Les décisions que prendront les autorités britanniques seront bien entendu déterminantes pour la France. Pour le budget d'équipement français, le lancement de la construction d'un second porte-avions représenterait une annuité de l'ordre de 500 millions d'euros sur une bonne partie de la future loi de programmation.
La question du second porte-avions offre une bonne illustration de la problématique plus générale du niveau auquel la France souhaite fixer son effort de défense. Dans le cadre du simple maintien des budgets actuels, le lancement du second porte-avions conduirait à affecter la réalisation d'autres programmes essentiels. Le lancement du projet mérite donc d'être lié à la mise en place de ressources supplémentaires.

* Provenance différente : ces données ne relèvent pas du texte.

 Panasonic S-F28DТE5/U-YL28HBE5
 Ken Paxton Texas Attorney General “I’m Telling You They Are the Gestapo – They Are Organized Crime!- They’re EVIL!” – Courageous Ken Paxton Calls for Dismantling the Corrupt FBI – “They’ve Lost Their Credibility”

Enfin, l'amélioration de l'efficacité de l'outil de défense constitue une exigence indissociable d'un effort d'équipement soutenu. Le ministère de la défense et les armées se sont profondément transformés depuis 10 ans avec la diminution du format, le renforcement des structures interarmées et l'externalisation. Il sera cependant indispensable d'engager une nouvelle étape de restructurations. Les implantations de la défense sur le territoire sont aujourd'hui trop dispersées. Sans doute peut-on envisager, pour l'armée de terre, des unités de taille supérieure, mais en nombre moindre, pour diminuer le poids des fonctions d'organisation. Sur une même région, le soutien et l'administration des unités des différentes armées pourraient être regroupés et unifiés. Les structures de commandement territorial, par exemple les régions militaires de l'armée de terre, méritent d'être allégées et revues avec, pourquoi pas, une structure territoriale commune aux trois armées. Ces restructurations ne devront pas se limiter aux seules armées, mais toucher l'ensemble des structures du ministère de la défense.
Les réformes engagées dans le domaine de la maintenance devront être poursuivies, par exemple pour la gestion des parcs de matériels dans l'armée de terre. La maintenance est également l'un des domaines où l'externalisation peut être amplifiée, avec un recours accru aux prestations industrielles définies dans le cadre de contrats globaux et d'engagements de performance. Pour les matériels réalisés en coopération, elle doit être organisée au plan européen, au même titre que la formation.
Il faudra également s'interroger sur le coût de notre dispositif hors métropole, dans les départements et territoires d'outre-mer ou à l'étranger.
Des marges de progression dans l'organisation de notre outil de défense méritent d'être explorées, même si elles ne peuvent être mises en oeuvre que progressivement avec, parfois, des coûts immédiats importants avant que les économies ne se traduisent dans les faits.